19 April 2004 19:56 [Source: ICIS news]
HOUSTON (CNI)--Only about a quarter of the 34 liquefied natural gas (LNG) terminals proposed for North America will be built because most won’t clear high financial and regulatory hurdles, an Oklahoma energy official said here Monday.
David Fleischaker, Oklahoma's secretary of energy, told industry executives today that despite that anticipated high project failure rate, LNG will play a significant role in US short term energy needs - and most of that supply will be imported from foreign sources.
Speaking at the Ziff Energy Group's 9th annual North American Gas Strategies Conference here, he added: "But then you have to recognize that we’re putting our eggs in a basket and that basket is in foreign hands."
Fleischaker said LNG companies in the US must address three major concerns when developing an LNG facility: location, location and location.

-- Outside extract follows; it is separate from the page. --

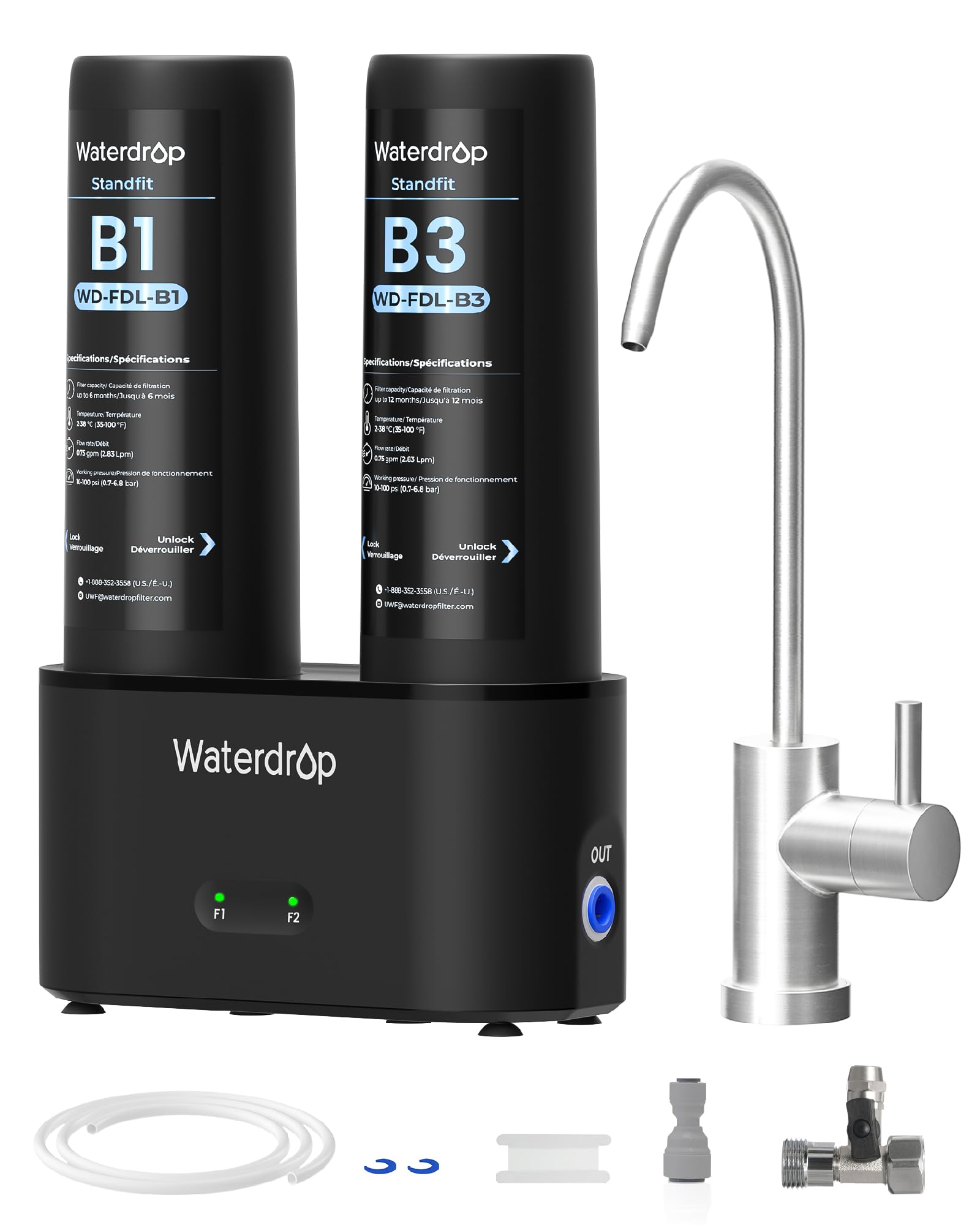 Waterdrop DLB Filtro De Agua Bajo Fregadero, Reduce Cloro, Cloramina, PFAS, Mal Sabor, Con Grifo Separado, Indicador De Vida Útil, 2 Etapas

"The LNG industry would do well to heed the lessons of the nuclear industry and not place facilities near population areas," he said. "Putting LNG facilities in high population zones raises their visibility and adds more public issues, which lead to additional costs."
Fleischaker noted that increased costs helped derail the US nuclear industry three decades ago.
At the same time, said Fleischaker, safety of LNG should be the "number one" concern.
He added: "A catastrophic accident wouldn’t be pretty and would rock the industry. If it occurs when the industry is in its infancy, it will deliver a terrible setback to LNG."
The Ziff conference is focused on transportation, supply, price and regulation of natural gas in North America. The conference concludes tomorrow.